Why I'm Not Furious At Either Ervin Santana Or The Angels For His Crappy Performance Tonight: Orioles 6, Angels 4

Oh, how I yelled fury at Ervin Santana in the first couple of innings of this game; his command was absolute garbage, and he was giving up longballs like batting practice. But by the time the game was over, I had an entirely different view of things.
  1. What else were the Angels gonna do? Matt Palmer was the obvious other choice, but he had been hammered in his last two starts; following his craptacular appearance in Arizona, his most recent and possibly final start with the Angels for a while, Mike Scioscia said
    "If he was making pitches and guys were hitting them, we'd be more concerned," Scioscia said of Palmer, who is 2-1 in his past four starts, despite yielding 18 earned runs in 22 innings. "What's happening is he's not making pitches as consistently as early in the year.

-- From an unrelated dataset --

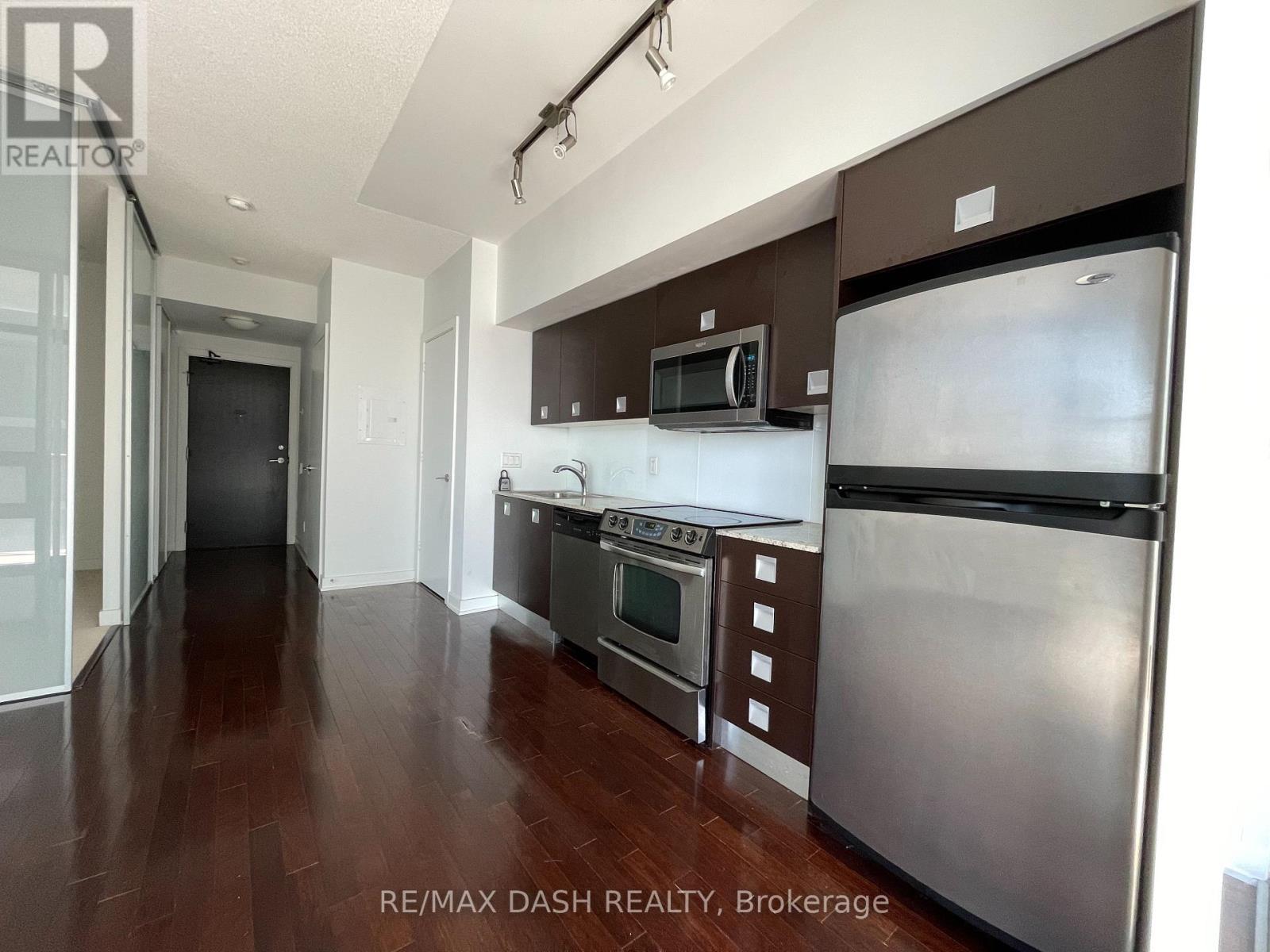 2709 - 33 Charles Street E, Toronto, ON - Indoor Photo Showing Kitchen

    "Matty's inability to control the count has caught up with him the last few games. He can pitch better than he's shown the last couple starts."

    And indeed, Palmer, used in relief tonight, showed once again that he is capable of pitching well, but it's also worth mentioning that he pitched backwards to many of his opponents. It didn't catch up to him, though, so that was a good thing.
  2. Santana's velocity is back. That's key, because without it, Ervin's a two-pitch pitcher, and meat on the mound. He dialed it up as high as 97, staying around 94-96 on his fastball for the most part (from memory and the stadium radar gun).
  3. Two of the runs against him were unearned thanks to an Erick Aybar error in the first.
The overall point, though, is that for the Angels, it was Palmer or Santana. Even if the good news was that Ervin's velocity was back but his control wasn't, what could they reasonably do? Leave him in AAA for another couple starts while Palmer flailed in the rotation (again)? Pick your poison, and if the Angels knew that Santana's velocity was back (a reasonable assumption), better to take some chances there with a guy who has more upside.

The bullpen did a decent job, pitching scoreless ball for four innings, including a creditable job by Rich Thompson. Had the Angels gotten their act together against the never-before-seen (by them) David Hernandez, the outcome might have been more interesting while the game was in progress. Kendry Morales hit a nice little two-run shot in the sixth to cut the deficit to three, and Vlad made himself useful in the eighth by punching a scoring groundout, but that is not why you have Vlad on the roster. Indeed, I've been wondering for some time now why Vlad hasn't been benched or moved out of the four hole; he's not quite the automatic out Howard Kendrick was, but getting there.